The recalibration took a second, aiming it took a couple more. Then all he had to do was adjust the dial and Max sighed - the sweet, sweet sound of his inventions being more powerful than second-rate villains. For the second time that night, the generator obediently drained into quiet.

But a strangling cry caught his attention in the quiet. The force of the generator had eclipsed any other sound, but now Max’s heart dropped.

He turned, watching in slow motion as Fuse’s glove shot a beacon of energy directly at Phoebe’s chest. It ricochetted into the navy of her supersuit with such force that even Fuse staggered back. 

And Phoebe couldn’t even scream. Fuse had already crushed her voice, the only thing that escaped her now was a hiss, a terrified gargle that made his stomach churn. 

She slipped, tried to right herself, but fell back so hard that the boundary of the roof caught against her legs.
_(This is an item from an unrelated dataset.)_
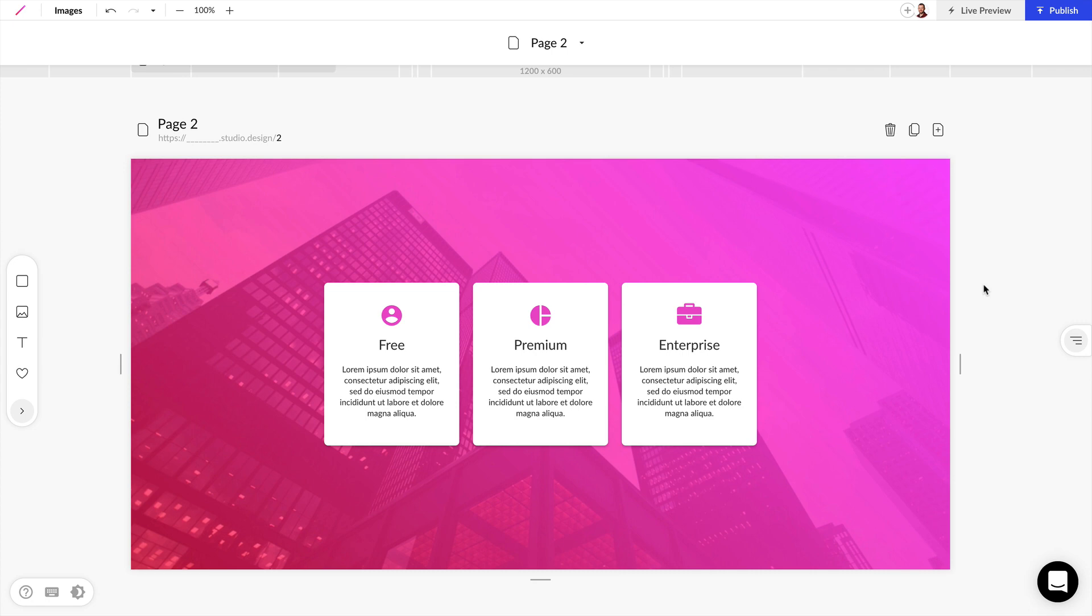Now let's click away and take a look at our work. And that's how you can quickly add and customize icons within your design.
Max’s whole body moved on instinct.

“No!”

His legs pumped with adrenaline to reach her in time, arms stretching out, swiping thin air as he missed her by a millimetre. She flipped backwards over the edge, cape tangling in her limbs as she disappeared from view. 

Phoebe !” His chest slammed on the edge as he looked down from the roof, arms suspended as his telekinesis caught her midair. She sprawled, swung a little with the force of his powers - he grunted, strained, but for a second, Max caught her. 
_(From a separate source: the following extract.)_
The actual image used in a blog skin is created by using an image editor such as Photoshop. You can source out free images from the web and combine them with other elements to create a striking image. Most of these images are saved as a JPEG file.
“That’s the funny thing about fuses.” Max didn’t register the footsteps at his side until it was too late. Fuse grinned, “...They can make the lights go out”.
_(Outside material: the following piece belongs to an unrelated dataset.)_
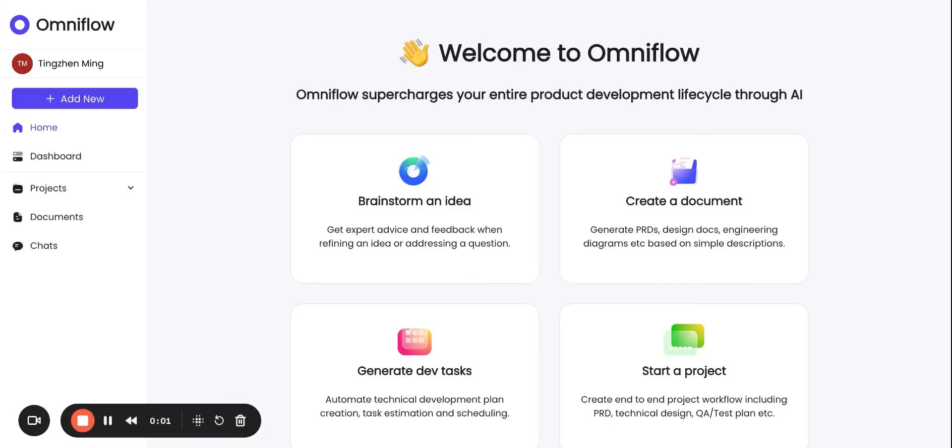Hi, welcome to OmniFlow. OmniFlow supercharges your entire product development life cycle with AI.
The glove sparked a final time, and Max lost his hold. His telekinesis slipped…

And Phoebe crashed. She spun like a ragdoll until she cracked into the concrete with a force that tore through Max like lightning. She lay unmoving, silhouetted, limbs tangled. Fuse’s laugh echoed in the distance.

***

“Phoebe!” Max thundered down the stairs, stumbling through onto the ground with blind panic. Fuse had gone. He hadn’t even tried to catch him - Max didn’t care.

He skidded beside her, concrete grazing his knees through his suit. “No, no, no, no. Phoebe, Pheebs .” Her hair matted to her face in sweat and something darker. Her eyes were closed, skin clammy, pale.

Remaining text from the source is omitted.